How does this relate to grief? Those grieving are dealing with profound loss in their lives, no matter what the cause. And unconditional love is the most potent way to deal with that loss. You may say “But the person I loved the most died.” While that is so, it doesn’t mean that your love died. My two husbands, my parents, my sister, and so many friends and relatives have died, and I still love them all and will for the rest of my life. I am sure you have lots of love that you carry in your heart too.
Try writing in your journal or just sit quietly with your eyes closed and focus on your biggest or most recent loss. Write or think or dream about the person focusing just on the love you shared. What do remember about the times you felt the best. What were you doing? Where were you? What made that time so special? Enjoy remembering the beautiful feeling of love you shared then.
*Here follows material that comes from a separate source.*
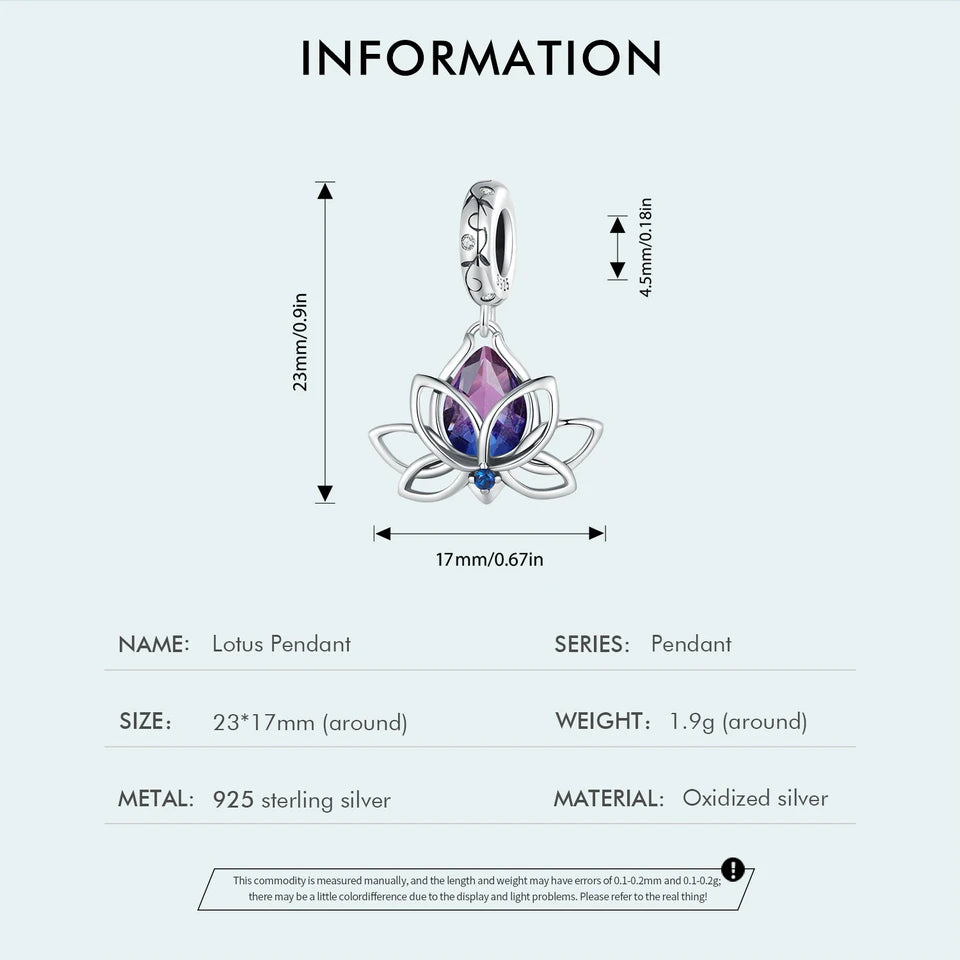 Purple Lotus Flower Dangle Charm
Ron and I used to spend lots of time sitting on our lani. We would talk, read, meditate, dream, play, and write. And sometimes friends joined us there too. We didn’t need to plan anything. We just enjoyed each other’s company. Jacques and I enjoyed participating in theatre together. We always loved watching each other perform. We also had long, wonderful conversations.
When you think about what has evoked those wonderful feelings before, how can you replicate or bring forth those feelings again? I loved to go to theatre or concerts with both of my husbands, so I look forward to enjoying attending those types of events with my friends now. The feelings you experience will be different, and that’s good because you are different now too.
I encourage you to focus on love now. Tell people you love that you love them. Often, we may assume that they already know, but everyone loves to hear they are loved. If saying it is hard, try writing it. Send them a card or a letter. What can you participate in where love is all around? Maybe volunteer somewhere you can do something positive. Or go to a wedding when invited. Or invite friends over for a game night.
When we all focus on doing all we do with love, society in general can rise up from all the negativity we experience now. What can you do today?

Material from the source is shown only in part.